New issue

Have a question about this project? Sign up for a free GitHub account to open an issue and contact its maintainers and the community.

By clicking “Sign up for GitHub”, you agree to our terms of service and privacy statement. We’ll occasionally send you account related emails.

Already on GitHub? Sign in to your account

Message body length not matching Content-Length should raise httplib.IncompleteRead even when using stream() #311

Closed
patricklaw opened this Issue Jan 10, 2014 · 9 comments

Comments

Projects
None yet
4 participants
@patricklaw

patricklaw commented Jan 10, 2014

More details in the issue I originally filed with requests (requests/requests#1855). Here is a repro, slightly modified from the repro in that issue:

import SocketServer as socketserver
import threading
import urllib3
import time


class MyTCPHandler(socketserver.BaseRequestHandler):
    def handle(self):
        self.data = self.request.recv(1024)
        self.request.sendall('HTTP/1.1 200 OK\r\n'
                             'Server: truncator/0.0\r\n'
                             'Content-Length: 20\r\n'
                             'Connection: close\r\n\r\n'
                             '12345')

server = None
def background_server():
    global server
    HOST, PORT = "localhost", 9999
    server = socketserver.TCPServer((HOST, PORT), MyTCPHandler)
    server.serve_forever()


if __name__ == "__main__":
    t = threading.Thread(target=background_server)
    t.daemon = True
    t.start()
    time.sleep(1)
    http = urllib3.PoolManager()
    try:
        g = http.request('GET', 'http://localhost:9999', preload_content=False).stream()
        data = list(g) # This should raise httplib.IncompleteRead
        print(data)
    finally:
        server.shutdown()
@shazow

This comment has been minimized.

Collaborator

shazow commented Jan 10, 2014

I'm open to a PR which changes this behaviour, but we need to be careful to take into account what @sigmavirus24 and @Lukasa said.

Are you interested in submitting a patch for this, @patricklaw?

@Lukasa

This comment has been minimized.

Contributor

Lukasa commented Jan 10, 2014

Again, I have really mixed feelings about doing this on a stream() call. If you're stream()ing, you should be prepared to accept more or less data than the server claims it'll send, and do the appropriate thing in that case, rather than have urllib3 vomit in your face.

@shazow

This comment has been minimized.

Collaborator

shazow commented Jan 10, 2014

Could add some kind of .stream(strict=True) which would raise an exception? :/

@patricklaw

This comment has been minimized.

patricklaw commented Jan 10, 2014

Why should you be prepared to accept more or less data than the server claims? And even if you should, why would you expect to not be informed as the spec instructs?

@Lukasa

This comment has been minimized.

Contributor

Lukasa commented Jan 10, 2014

@patricklaw What I'm getting at here is that it's totally reasonable to have a use case that says "I know that the server incorrectly indicated the length of the content, and I'm ok with that." There are plenty of reasons you might be OK with that: for instance, you might already know the server is faulty, or you might be testing a server you wrote that makes mistakes.

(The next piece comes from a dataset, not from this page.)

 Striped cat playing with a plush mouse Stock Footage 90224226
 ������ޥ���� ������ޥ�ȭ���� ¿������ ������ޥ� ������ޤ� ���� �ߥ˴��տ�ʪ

When streaming data, in particular, the user of urllib3 is taking control of how data gets read away from urllib3. In effect, the user is saying "please let me choose how much data I read and when". In that world, the user doesn't need to be informed that they've downloaded more or less data than the server told them, because they should already know. I'd argue that if they don't know they should not be using the streaming API to begin with.

There is added ambiguity in the spec caused by the phrase 'user-agent'. You believe (not necessarily incorrectly, by the way) that urllib3 is a user-agent. I believe that it needn't be a user-agent, and in fact whether it is depends entirely on the particular consumer of urllib3's APIs. For instance, it can be a lower-lying layer inside a higher-level user-agent (such as Requests, which also is sometimes not a user-agent).

I'm entirely open to @shazow's suggestion of having a strict kwarg that decides whether an exception gets raised or not, that's totally reasonable. But I think forcing an exception to be raised is not just unnecessary, but obnoxious: careless users will get burned when the exception they weren't prepared for unwinds their stack and causes them to lose their data. And to be clear, most users are careless, as this kind of error is deeply uncommon.

@Lukasa

This comment has been minimized.

Contributor

Lukasa commented Jan 29, 2014

I followed up on this, because I was wondering why httplib wasn't raising this anyway. It turns out that httplib does exactly what we do: if you use HTTPResponse.read() with an argument specifying how many bytes to read, it never throws an IncompleteRead error.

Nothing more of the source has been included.